Woman With 20 Seperate Personalities

Woman With 20 Seperate Personalities


For those that aren’t familiar with the term “Multiple Personality Disorder” or the more clinical label “Dissociative Identity Disorder”, I am glad to fill you in direct from the Wiki.

Dissociative Identity Disorder (Multiple Personality Disorder): a psychiatric diagnosis and describes a condition in which a person displays multiple distinct identities or personalities (known as alter egos or alters), each with its own pattern of perceiving and interacting with the environment. Each sub personality or alternate personalities have a unique set of memories, behaviors, thoughts and emotions related to each specific personality.

While several people have claimed this disorder, few have had as many distinct and seperate personas as the following woman.

Kim Noble of London, England has suffered with “DID” her entire life and can remember episodes from early childhood. It took years of turmoil and tramatic events until Kim was finally diagnosed correctly with the help of trauma therapist Dr. Evelyn Laine in the mid 90s.

It was discovered that Kim had at least 20 different personalties trying to control her. That’s 4 more than Sybil if your counting. If Kim’s life was anything close to the woman that Sally Field played in the movie then my hat’s off to her for still being alive and raising a child.
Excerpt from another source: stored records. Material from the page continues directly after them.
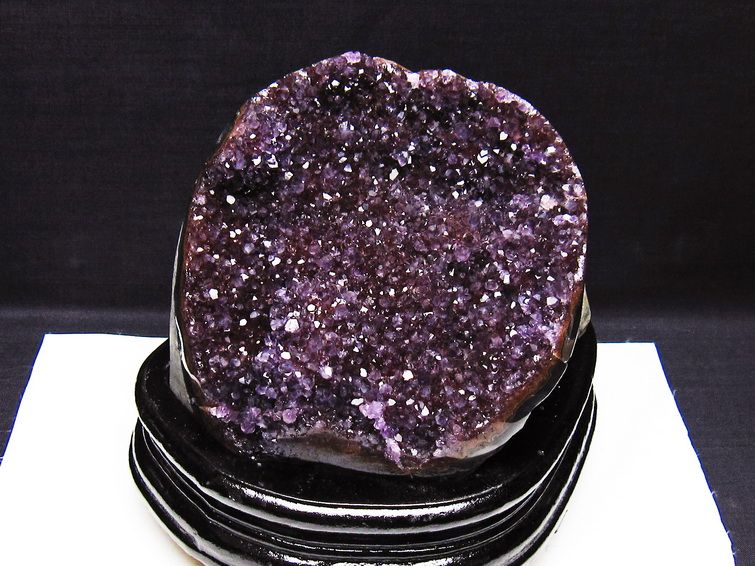 1.7Kg アメジスト クラスター ウルグアイ産 原石 amethyst 一点物 台座付属 182-7953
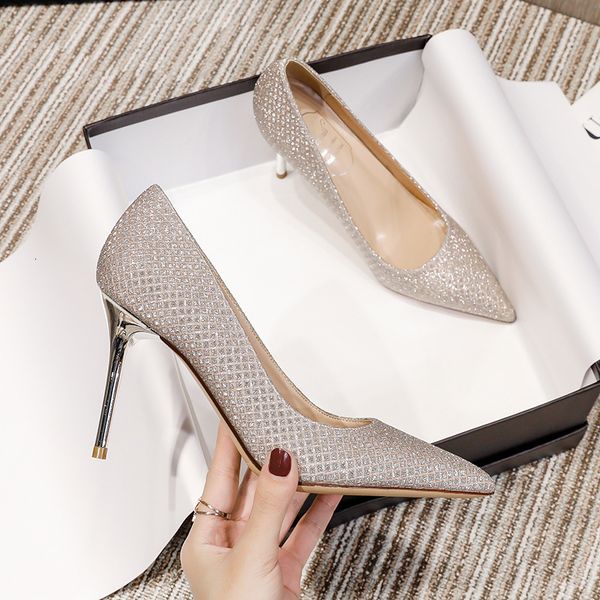 luxury dress shoes 2021 sequin pointed high women's thin heels banquet sier wedding sho large 4243, Black
luxury dress shoes 2021 sequin pointed high women's thin heels banquet sier wedding sho large 4243, Black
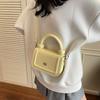 Simple high-end portable small square bag 2025 summer new niche trend fashion casual versatile shoulder women's bag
Here’s more on Kim’s ordeal from The Daily Mail:

The woman with 20 personalities in one body: An anorexic teen and a boy who writes in Latin. They all take over Kim’s mind in a case that’s baffled experts

Split personalities: Kim Noble has Dissociative Identity Disorder which means she switches from one character to another without warning

Split personalities: Kim Noble has Dissociative Identity Disorder which means she switches from one character to another without warning

The entire class fell silent as the teacher, Mrs Baldwin, marched across the room. ‘Kim Noble, stand up!’ she barked, grabbing the bewildered five-year-old’s arm. ‘What did you do that for?’
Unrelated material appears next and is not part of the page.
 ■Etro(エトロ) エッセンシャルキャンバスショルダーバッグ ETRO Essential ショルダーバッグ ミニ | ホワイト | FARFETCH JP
The little girl looked down at her blouse and skirt. They were covered in splotches of black paint.

‘Of course, the teacher was exasperated when I denied doing it,’ recalls Kim, now 51 and with a daughter of her own, ‘because she’d seen me smear it over myself. But as far as I was concerned, it was somebody else who’d done it.’

What Kim couldn’t have known then was that she was suffering from a rare condition called Dissociative Identity Disorder (DID) — more commonly known as ‘split personality disorder’ — and that over the next four decades, her mind would regularly switch from one character to another without warning.
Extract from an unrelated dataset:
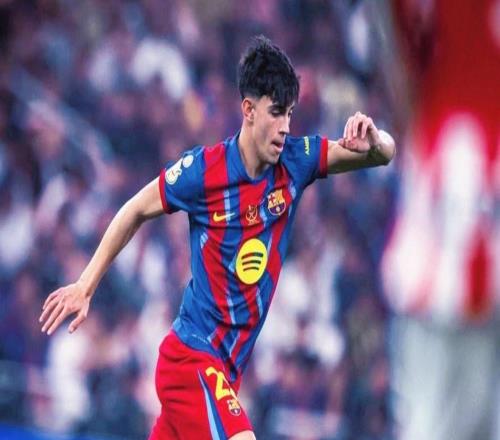 記者：貝爾納爾因腸胃不適在中場(chǎng)休息時(shí)被換下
The most consistent of Kim’s personalities is called Patricia, and she is the narrator of an intriguing new book called All Of Me, which attempts to piece together Kim’s extraordinary, chaotic life.

In fact, Kim Noble no longer really exists. She explains: ‘To most of the outside world I am Kim Noble, and I’ll answer to that name. But the truth is her mind shattered into fragments before she could even talk, leaving numerous alter egos to take over.’

Today, there are more than 20 alter egos who can appear at any given moment. Alongside the sensible, no-nonsense Patricia, there’s Abi, who’s single and desperately looking for love, Bonny, a mother with a young daughter, and Salome, a devout Roman Catholic. There’s a little boy called Diabalus who only writes in Latin, and a depressed twenty-something called Ken.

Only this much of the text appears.